All that cleanliness came to an abrupt and horrific end for me, thanks in part to actor/producer Mel Gibson and his critically acclaimed, “The Passion of the Christ.” For the first time in my life I have been able to envision the utter horror and over-the-edge brutality of the event. For two hours, late Monday evening, I sat with my son and husband and behind a row of students with whom I work, to contemplate Christ’s mockery of a trial, the unending beatings, and His agony-filled hours nailed to a cross.

It was a difficult task with which I challenged myself. I had read reviews and listened as people described their personal reactions to the movie. I wondered how I would feel, as I avoid watching portrayals of violence at nearly all costs. I wondered with some concern how I would react as I am shy in many public settings to show strong emotion.

I suffered — quietly, profoundly, deeply, and at length.

I initially connected with Mary, Christ’s mother, as she watched, helpless and in shock, her son endure the worst of pain and humiliation.

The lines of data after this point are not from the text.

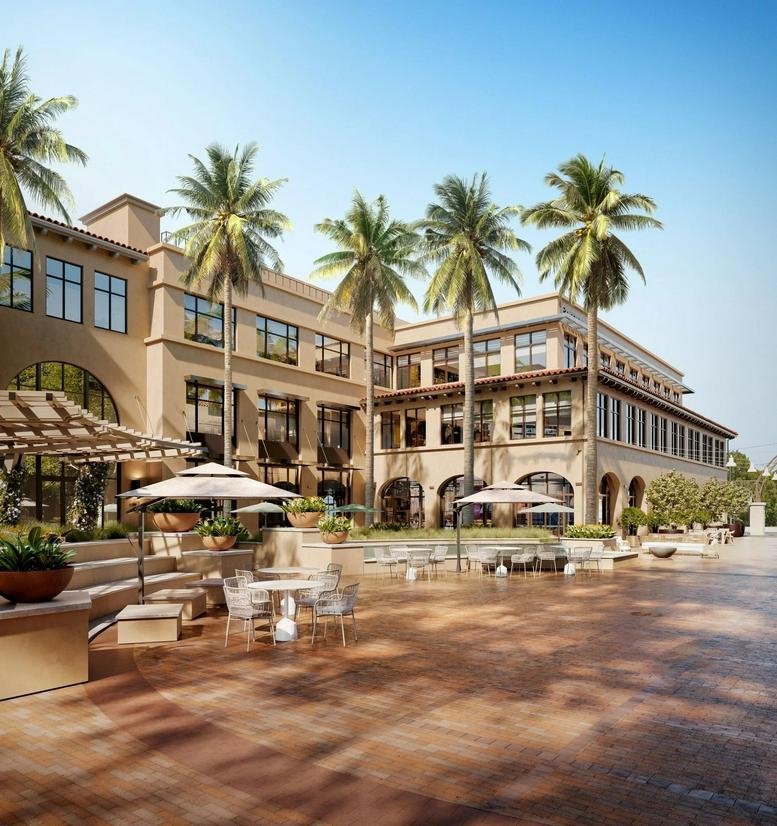 Exterior view of the Mediterranean-style building at 1300 El Camino Real, Suite 100, Menlo Park, California.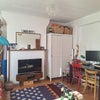 Photo 3: Living room - With the WFH setup Alex currently uses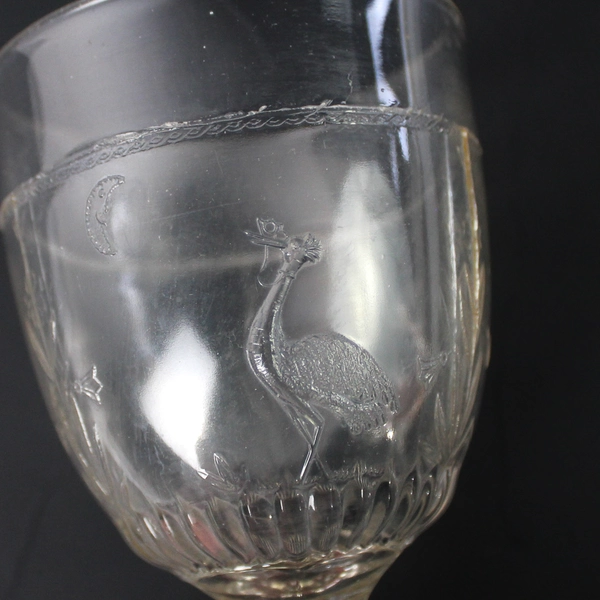 EAPG Moon and Stork Pattern Clear Embossed Glass Goblet 5.75" Flawed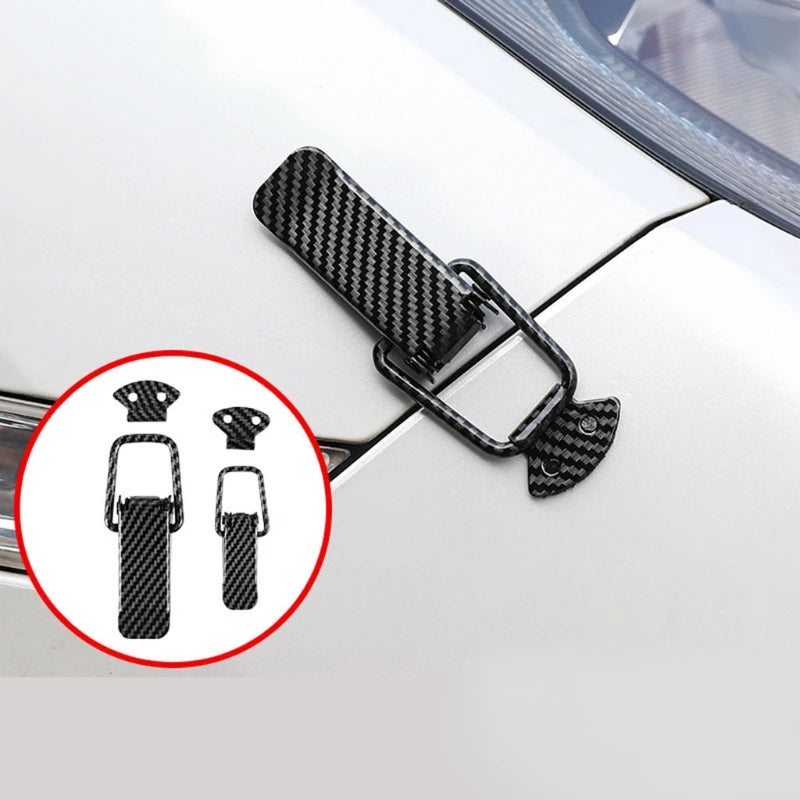 Black carbon fiber rear trunk locking buckle set for cars shown on a white vehicle.
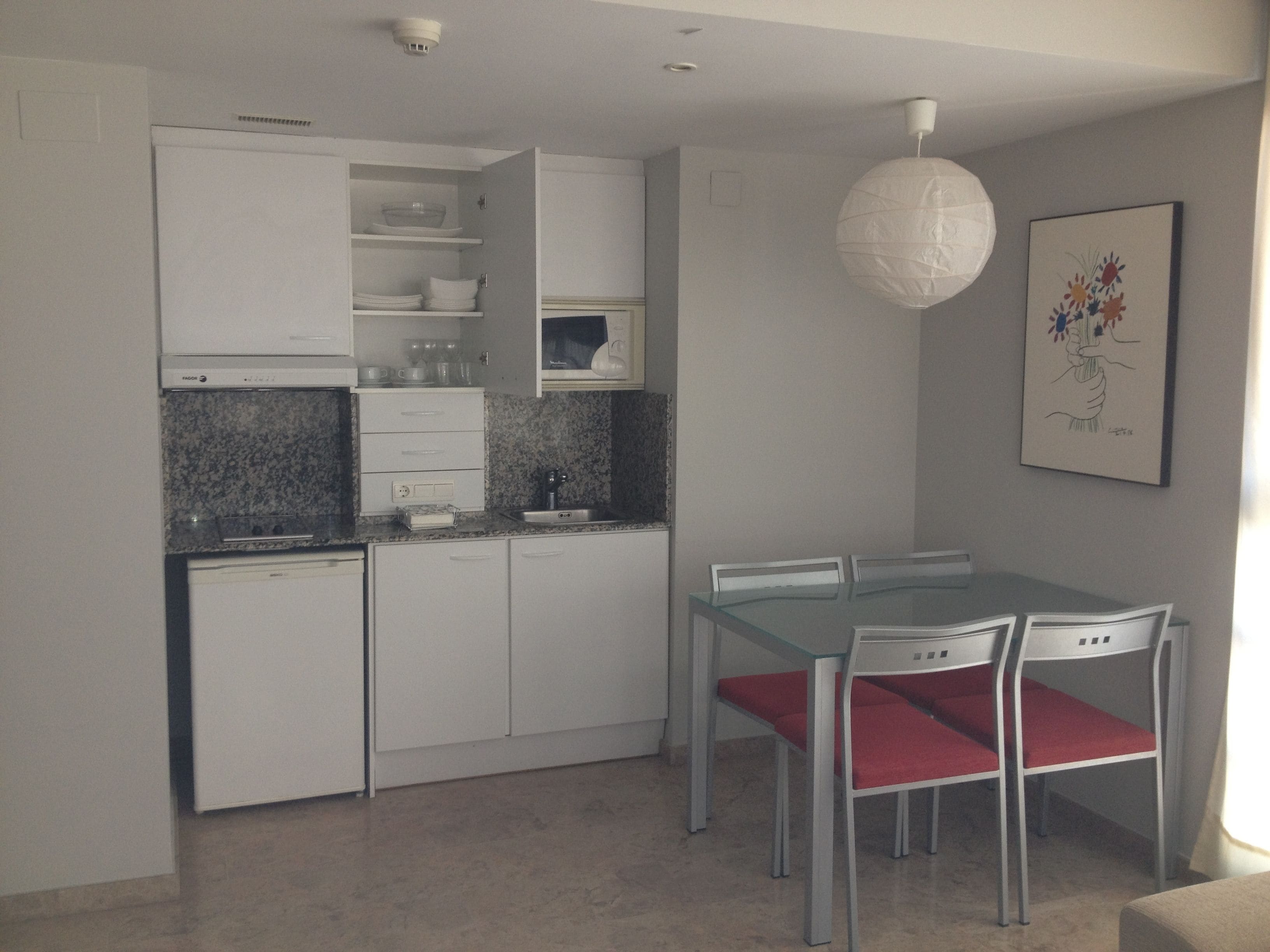 A modern kitchen with white cabinets, a granite countertop, and a dining area with a glass table and red chairs.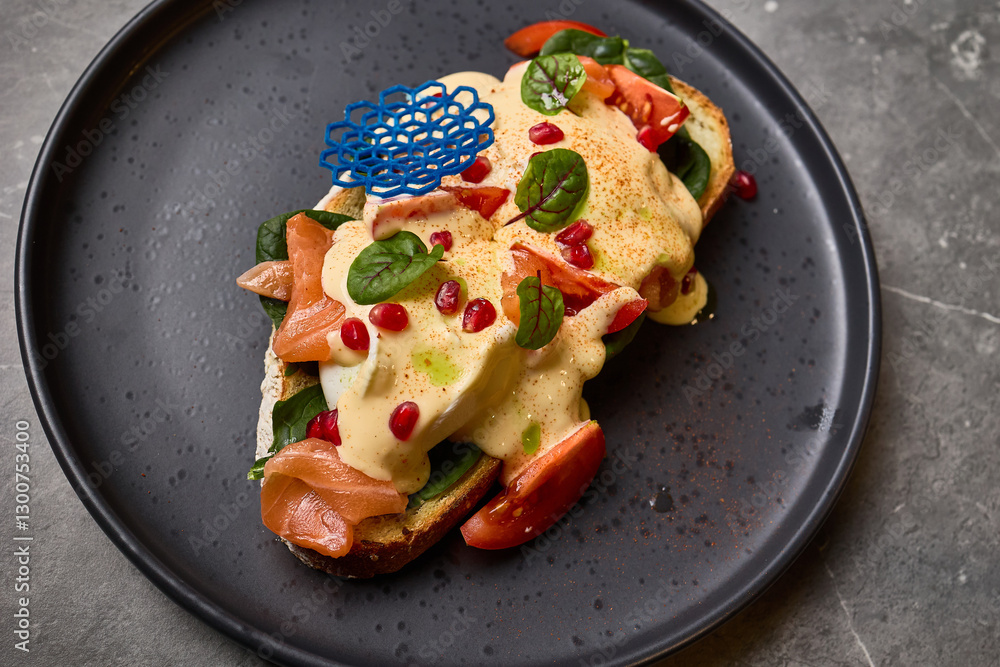 Delicious open-faced sandwich with smoked salmon, creamy sauce, fresh spinach, vibrant pomegranate seeds on dark plate, gourmet meal concept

I’ve now lived long enough and experienced enough with my own children to be able to understand in part what it feels like to be a mother with a broken heart. I am grateful that I am a modern woman who can connect with such an ancient event through the universal experiences of motherhood.

I am also grateful that I now have a better understanding of the events and what a truly magnificent gift Christ has offered me. I long for a daily connection with Him and have experienced some insightful moments this week as I have set aside time to ponder my own sin, the ripple effect it has on others, and the supreme gift of forgiveness Christ offers. Such an understanding has moved me away from intellectualizing the story and forced me to probe deep within my heart. As a result I have experienced moments of sweet sorrow for which I am profoundly thankful.

“The Passion of the Christ” does not deal with the aftermath of the crucifixion, except to briefly portray a living Christ. Has all this left you wondering if Christ’s body was stolen? This might have occurred were it not for the Roman soldiers who diligently sealed and guarded the tomb. Losing the body would have placed their lives in jeopardy with their superiors. It would also have empowered Christ’s followers and further inflamed an already enormous political problem for the Romans. If a Roman had been able to produce the body once it was discovered missing, it would have quelled all rumors once and for all. No Roman would steal the body and certainly no follower would either, for in time Christ’s followers not only grew to span the globe, but countless voluntarily gave up personal comfort as well as their lives for the right to tell the world that a relationship with Christ promises everlasting life.

Tomorrow I’ll tiptoe Easter baskets into my children’s rooms, enjoy a cup of coffee with a hot crossed bun, and celebrate the resurrection of Christ with my family and friends. The suffering is over. Let the celebrating begin!